Whatever “the program” may be, there is no longer much question that in many cases it can reunite families, sometimes beyond reasonable expectation. I talked with a father of five children who had spent nine years in a state penitentiary for bad-check passing, an activity that invariably accompanied his drinking. There was an AA group in the prison and he joined. When he found that it worked for two years “outside,” he got in touch with his wife, who meanwhile had divorced him, and began a second courtship. Part of his wooing was introducing her to Alanon. They’ve now been remarried two years.

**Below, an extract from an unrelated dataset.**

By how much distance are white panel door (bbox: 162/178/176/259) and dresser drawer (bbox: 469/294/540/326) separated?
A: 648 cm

Then, of course, there are the cases where it has not quite worked, and these are the sad ones. While I was in Des Moines, Ray H., the lawyer, took me down to the courthouse one afternoon when a family case was set to be tried. “Just so you can see what can happen when we miss,” he explained. Both the father and mother in the case were alcoholics and there were six children, eighteen to four. The continued destructive drinking of the father produced a home unfit for children. County welfare had worked with the family for years and given up hope, and now was asking the -court to take the children from the father and mother. This was done, and I shall not soon forget the tear-stained face of the fifteen-year-old daughter or the way the four-year-old kept looking into people’s faces, trying to understand. There are such scenes in all the courthouses all the time, and not all of them, we now know, are beyond hope. There is need for AA’s new present to all the family.

Volunteers at the Clearing House–all AA wives–don’t have to be told of this need—they read their mail. One day they let me read some of it. I jotted down the closing words of one letter: “My husband is an alcoholic, but will not ask for help. He thinks he can work it out for himself. He’s not doing it, but what can I do? Is there anyone in the world who can help us or will try to? Please, for God’s sake, can you help me?”